Over the past decade, there has been a rapid increase in investment themes aimed to satisfy socially responsible investing (SRI), with ESG factors being central to this process. Being socially responsible has become a key goal for many companies, rather than being adopted purely as an incentive to stand out within the market. Access to instruments that focus on ESG have become widely available due to investors putting pressure on wealth managers and advisers to examine social responsibilities of companies, with refusing to invest in companies that they do not think make the grade. This has encouraged the structured product market creating ESG style products as investors seek to combine their values with risk controls.
In March 2017, the MSCI World ESG Yield Select Variance Index went live for investors wanting exposure to ESG compliant underlyings. This bespoke Index is constructed from the MSCI World Index which includes large and mid-cap stocks across developed markets. The Index utilises data from the MSCI ESG research department to ensure that there is exposure to companies with high environmental, social and governance (ESG) performance in contrast to counterparts within the overall MSCI World universe which will contain stocks of differing ESG quality. A typical stock within the index will often be high yielding with low volatility in comparison to its peers. This is due to the stability that is to be expected from better governance keeping the company cash rich and less exposed to changes in market sentiment.
In July 2018, Thomson Reuters (whose data arm is now called Refinitiv) launched their Global Resource Protection Select Index. The Index comprises around 30 companies that have favourable Resource Use scores. To achieve a high score, a company will need to show they are reducing their use of materials, energy or water as well as governance, where efficiencies are achieved in improving supply chain management within a company.

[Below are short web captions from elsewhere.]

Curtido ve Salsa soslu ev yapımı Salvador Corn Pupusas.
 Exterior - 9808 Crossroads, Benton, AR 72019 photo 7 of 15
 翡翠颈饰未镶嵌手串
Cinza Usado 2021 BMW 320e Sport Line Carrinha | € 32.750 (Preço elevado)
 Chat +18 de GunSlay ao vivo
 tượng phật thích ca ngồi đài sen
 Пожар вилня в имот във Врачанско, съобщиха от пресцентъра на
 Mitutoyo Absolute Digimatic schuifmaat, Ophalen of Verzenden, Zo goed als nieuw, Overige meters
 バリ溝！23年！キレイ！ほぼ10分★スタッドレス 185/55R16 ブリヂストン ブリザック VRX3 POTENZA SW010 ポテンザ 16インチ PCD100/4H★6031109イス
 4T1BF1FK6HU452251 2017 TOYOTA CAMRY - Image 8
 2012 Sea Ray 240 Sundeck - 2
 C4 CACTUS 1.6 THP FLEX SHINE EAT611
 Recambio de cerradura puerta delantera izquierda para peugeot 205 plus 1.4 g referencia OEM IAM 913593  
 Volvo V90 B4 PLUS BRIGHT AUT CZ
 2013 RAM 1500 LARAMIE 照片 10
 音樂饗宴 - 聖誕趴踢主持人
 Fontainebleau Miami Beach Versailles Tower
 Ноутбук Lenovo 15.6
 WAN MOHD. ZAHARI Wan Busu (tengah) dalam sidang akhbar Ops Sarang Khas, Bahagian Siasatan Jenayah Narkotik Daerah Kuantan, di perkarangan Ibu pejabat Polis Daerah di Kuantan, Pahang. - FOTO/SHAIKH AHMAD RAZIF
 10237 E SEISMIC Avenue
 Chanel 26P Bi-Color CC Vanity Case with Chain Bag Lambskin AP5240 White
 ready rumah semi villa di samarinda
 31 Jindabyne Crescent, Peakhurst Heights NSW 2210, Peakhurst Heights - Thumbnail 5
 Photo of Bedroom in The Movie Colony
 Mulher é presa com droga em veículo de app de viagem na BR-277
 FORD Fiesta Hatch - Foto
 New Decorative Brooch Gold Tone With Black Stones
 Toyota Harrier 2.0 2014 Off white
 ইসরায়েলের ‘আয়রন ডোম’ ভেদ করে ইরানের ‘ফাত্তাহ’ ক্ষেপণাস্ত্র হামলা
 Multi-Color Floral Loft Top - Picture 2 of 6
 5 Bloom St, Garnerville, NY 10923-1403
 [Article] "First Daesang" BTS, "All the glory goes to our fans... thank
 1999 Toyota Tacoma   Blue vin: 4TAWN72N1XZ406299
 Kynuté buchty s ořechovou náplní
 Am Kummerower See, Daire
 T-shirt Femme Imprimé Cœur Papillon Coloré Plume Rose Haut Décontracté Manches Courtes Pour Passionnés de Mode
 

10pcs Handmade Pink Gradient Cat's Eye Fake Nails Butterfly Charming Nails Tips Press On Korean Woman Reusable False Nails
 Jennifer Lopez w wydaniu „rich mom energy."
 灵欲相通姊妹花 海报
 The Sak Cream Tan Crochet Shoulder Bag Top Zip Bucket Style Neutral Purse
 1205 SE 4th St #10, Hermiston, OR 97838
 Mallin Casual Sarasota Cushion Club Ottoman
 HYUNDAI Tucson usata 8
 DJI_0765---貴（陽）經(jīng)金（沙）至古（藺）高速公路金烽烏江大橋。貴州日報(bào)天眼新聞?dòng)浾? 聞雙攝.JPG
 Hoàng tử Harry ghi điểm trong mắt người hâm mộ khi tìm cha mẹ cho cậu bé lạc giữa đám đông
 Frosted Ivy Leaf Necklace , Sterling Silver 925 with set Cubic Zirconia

One feature of structured products is that they allow retail investors to access harder to reach underlyings. In this case therefore structured products are a good way to access ESG themed indices.
We have examined three products from Crelan, who are an active distributor of ESG Structured Products. The examples are Credit Suisse Auto-Callable Global Resource Preservation, Credit Suisse Lookback to Maximum USD 2023 and Goldman Sachs International Coupon Plus MSCI World ESG 2029. These products are all capital protected, which is a common feature for products linked to more innovative and alternative asset classes. The three products have their own unique features. The Auto-callable product has a term of 10 years, can mature early after two years, with rising kick-out levels every two years and is issued in Euros. The second product has a lookback feature on the performance of the underlying, is issued in US Dollars, provides uncapped growth and has monthly observation dates with the payoff being determined by the highest of the monthly readings. These are both linked to the Refinitiv index. The Goldman Sachs product has a 10 year term, and is issued in Euros. It provides 0.7% p.a. income, with returns in line with the index if it finishes above 107% of the strike price. The final index level is calculated by taking the average of 10 annual readings of the MSCI index over the life of the product
There is an increase in demand from retail investors who want to commit to being more socially responsible when it comes to investing. This explains why more portfolios show an emphasis on ESG factors, as well as an increase in holdings that reflect sustainable investing. This is seen more in the younger generation entering the market, as they have social responsible investing at the top of their list when constructing their portfolio. As we see a shift in demand from investors, and how they are utilising their portfolios to stay in line with corporate responsibility and environmental and social issues, the increased use of structured products is to be expected.